Today is World Mental Health Day with the focus on Young peoples mental health. I’m struggling to find the latest statistics regarding mental health and young people. The Children’s Society in 2008 reported that 10% of young people (aged 5-16) have a diagnosable mental health problem yet 75% of children and adolescents who experience mental health problems have not had appropriate interventions at a sufficiently early age. Ten years on I would strongly expect these figures to have risen and I imagine that the true figure is cleverly hidden somewhere.
How have we got to this situation? Lots of reasons I guess but I will attempt to cover some of them in my message to youth.
Hello young people (i’m down with the youth),
Today is world mental health day and you may hear about how mental illness is a very big issue for young people, and it’s true, it is. It’s not your fault, let me start by saying sorry. You have been very, very badly let down by a lot of different people. You will have heard that there are different factors that can help improve your mental health and reduce the risk of becoming ill. Let’s look at some of them.
- A good diet and exercise – No arguing with this. Eating healthily and taking exercise helps your body produce lots of good stuff which helps your mind and body.
Yet – you’re bombarded with adverts for food which isn’t great even though it might taste nice and doesn’t cost much.
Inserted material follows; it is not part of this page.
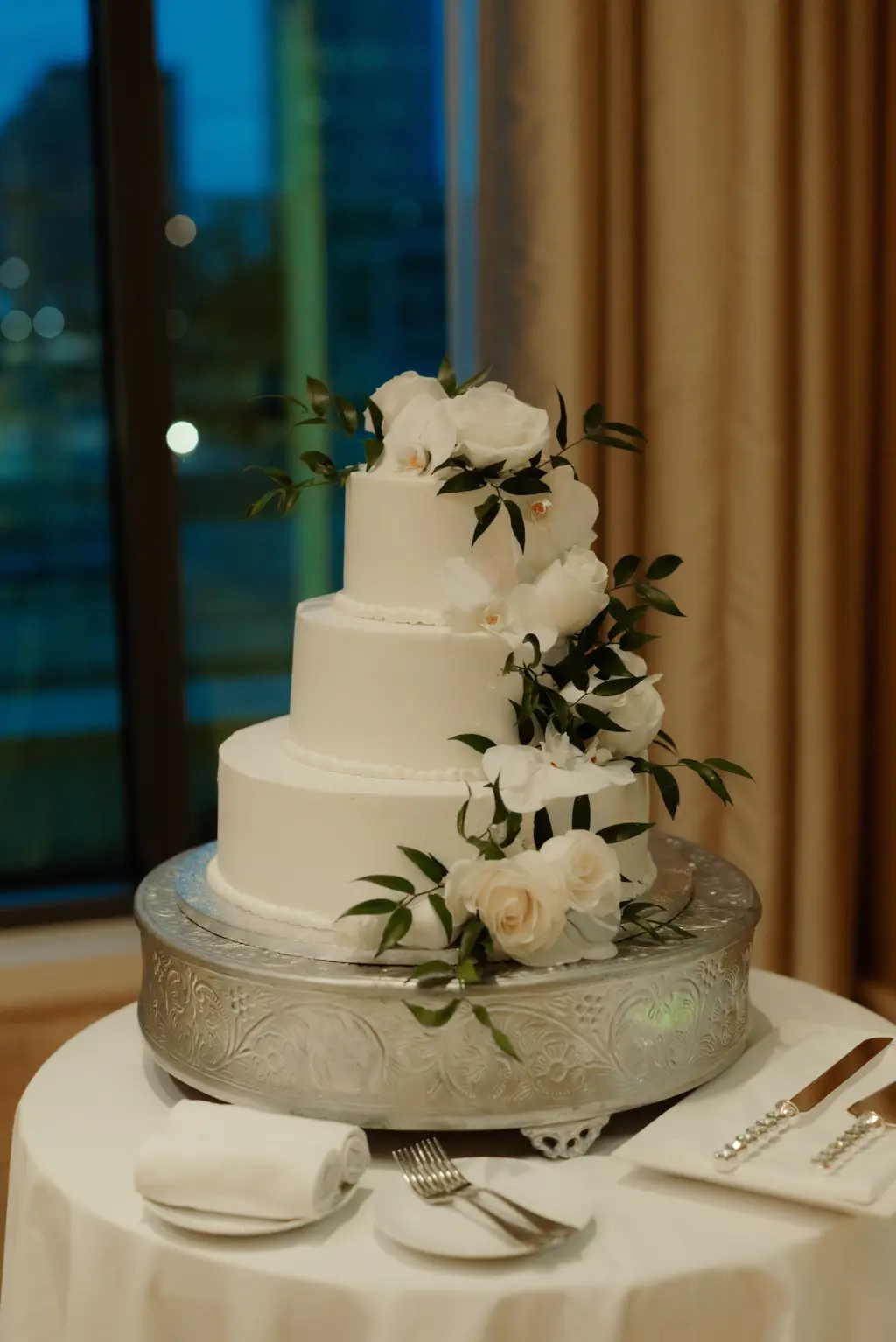 Three Tiered Classic White Round Buttercream Wedding Cake with Roses and Greenery Ideas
We sell you chocolate bars that are “king-size” or doubled. We give you more and more choice and sell you energy drinks that are packed with tons of sugar and crap which can get you addicted to them. We sell off playing fields, playgrounds and leisure centres making it harder or more expensive for you to get exercise.
- Attend a supportive school – Despite what you might think schools are good, you make friends, you learn and compared to work the hours and holidays are fantastic!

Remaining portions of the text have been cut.